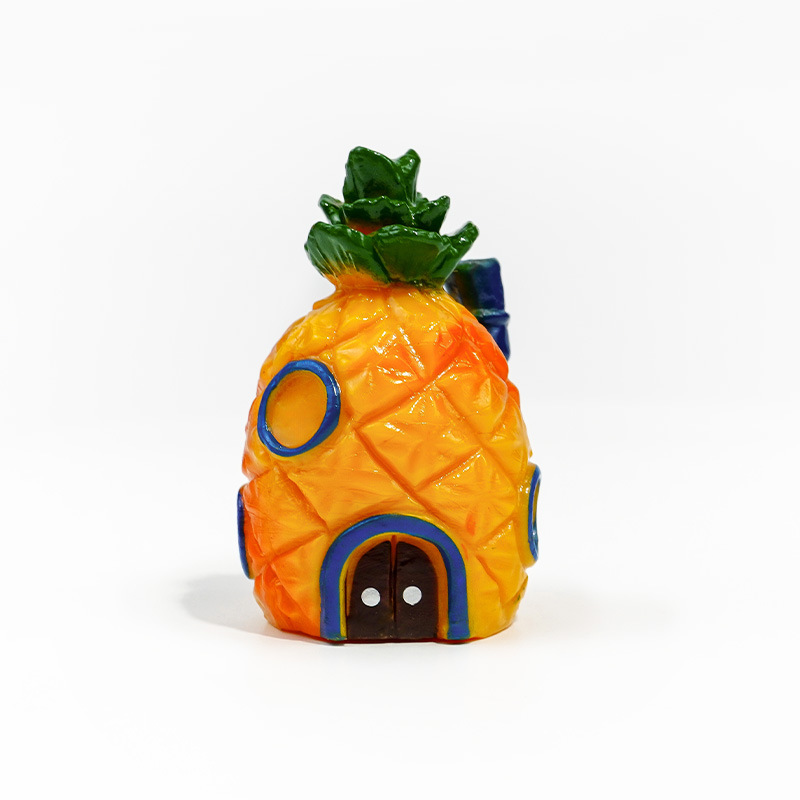 Venta caliente pecera acuario adorno sumergido dibujos animados mini casa de piña PVC no se rompe agua pescado y camarones tanque de refugio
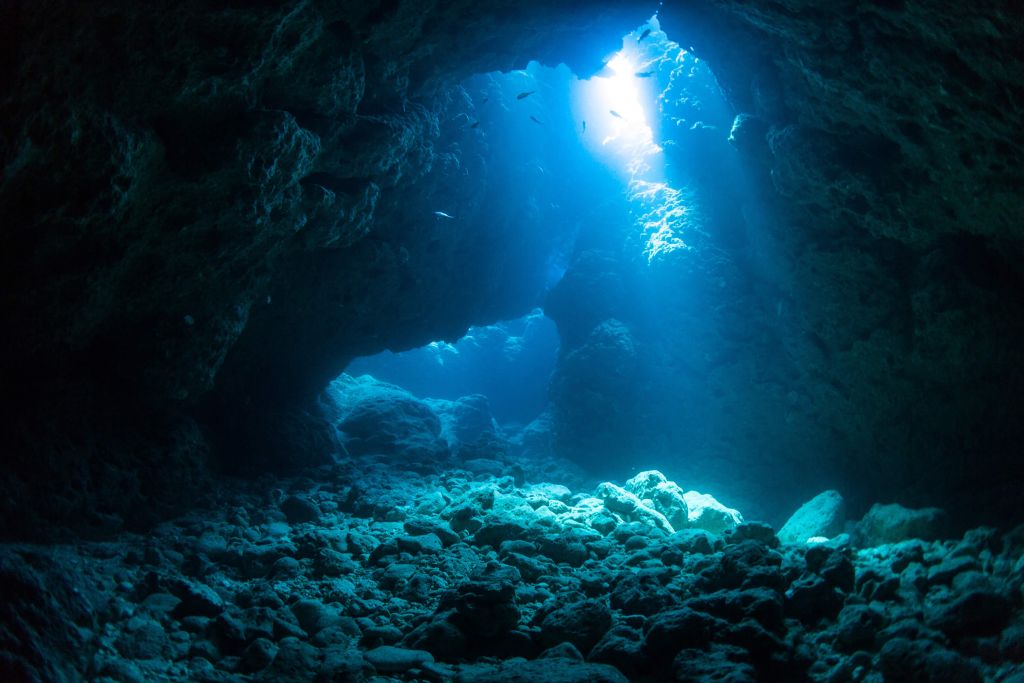 Dunkle Höhle im Ozean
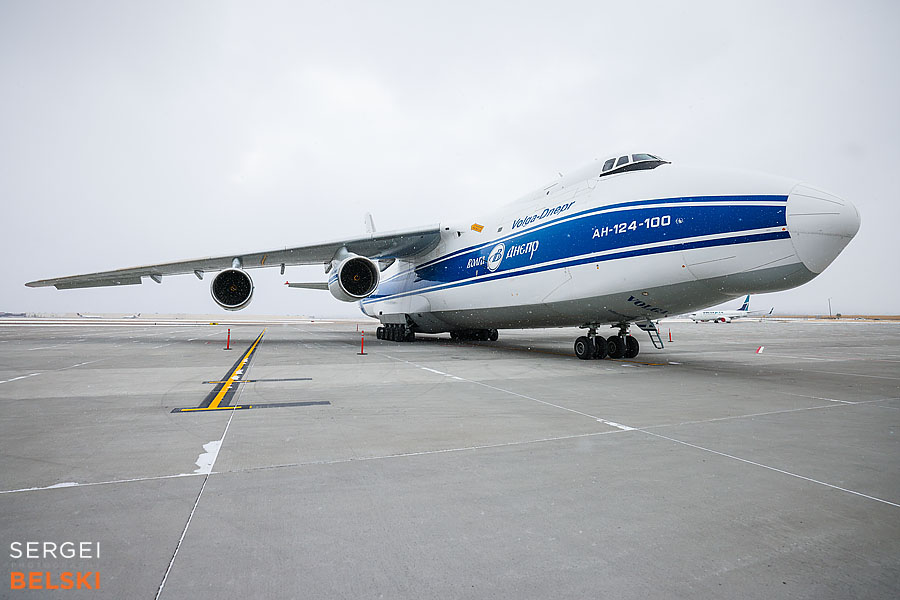calgary airport commercial photographer sergei belski photo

++++

> _INSTRUCTIONS TO FOLLOW_: Write out the data exactly, and exclude every picture it holds.

> _WORKED SOLUTION_:
 Venta caliente pecera acuario adorno sumergido dibujos animados mini casa de piña PVC no se rompe agua pescado y camarones tanque de refugio
 Dunkle Höhle im Ozean
calgary airport commercial photographer sergei belski photo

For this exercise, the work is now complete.